Lesson #5: Always bring backup.
We were heading to a big theme park outing one morning, when my co-leader showed up really sick. I told him, “You don’t need to come. Go home and get some rest.” I unwisely thought one adult could handle six middle schoolers alone.
And so begins the story of the time I lost a kid at Raging Waters– one of the low points of my entire ministry.
I told all the kids that it was really important to stay together. It wasn’t more than ten minutes before I had lost two kids. Then that scattered to even more. I was left with a dilemma: How do you keep track of those you’ve got at the same time as you find those you haven’t?
It had taken me most of the morning to round up all the kids but one. Fortunately we had set a particular time to meet up for lunch, but it was now way past that time and this kid was still nowhere to be found. I was so, so mad. As I took the kids I had back to the van to give them sandwiches, and I was thinking, “Oh my goodness. How am I going to go back and tell a parent that I lost their kid?”

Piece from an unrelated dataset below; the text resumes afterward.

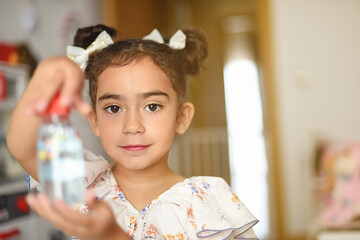Portrait of a beautiful girl showing a jar of gel painted by her.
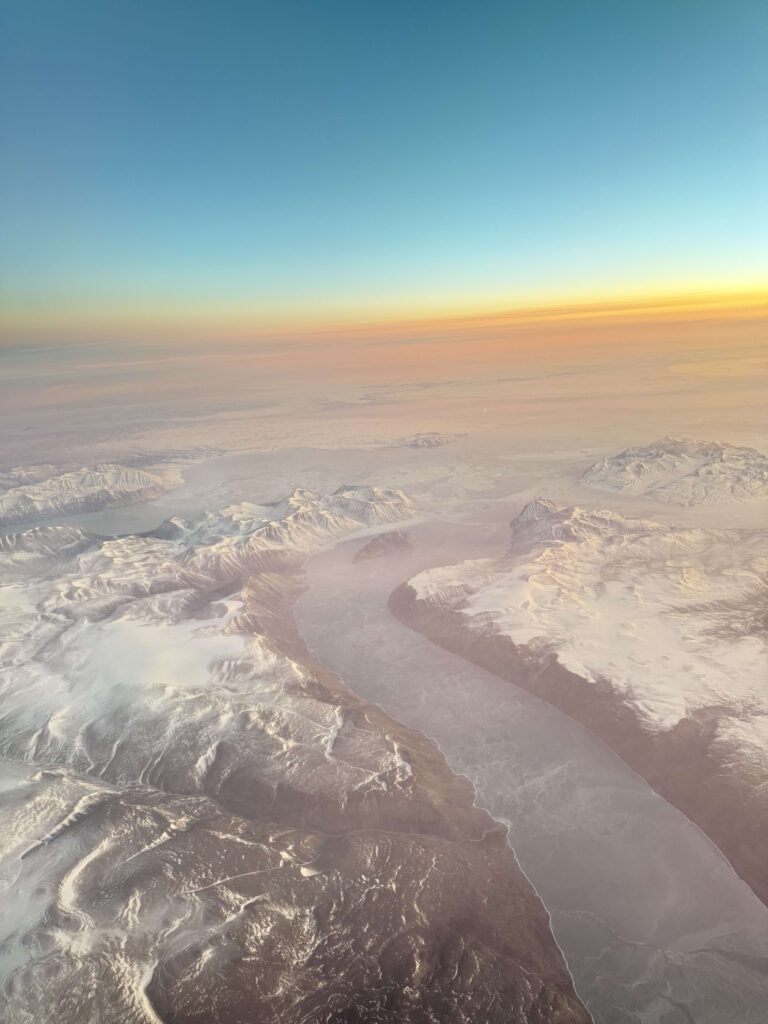 北極圏上空から撮影した、雪に覆われた山々と凍った川の空撮写真。地平線は夕焼けでオレンジ色に染まっている。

In the van, we prayed and then I turned around to look all of the kids in the eyes. I said to them in very quiet voice, “I am so disappointed in you.” I talked about how they weren’t responsive and they weren’t focused and how we still had to find the person who was lost. Thankfully, we found her shortly after lunch. She was fine, and had wandered off with another group of kids. But it could have been horrible, and the experience did necessitate a follow up meeting with the parents and the pastor.
However, one of the more rambunctious middle schoolers, who had a horrific home life, came home that day so excited. He said, “I saw Pastor Bob mad and he didn’t yell or anything!” That was his first experience with controlled, righteous anger, and his respect for me went up dramatically that day. These kids know how to ignore yelling. They get yelled at all the time. So I was careful, whenever I got angry, to lower my voice instead of raise it and stay under control. And for a lot of these kids, boy did that ever hit home. Another kid even apologized to me about the incident a day later.
But I learned an important lesson that day too. Never do an outing with middle school kids unless you have another adult with you. The whole situation could have been averted if I’d had another person to stay with the kids we had while I went to look the ones who were lost. Always bring backup.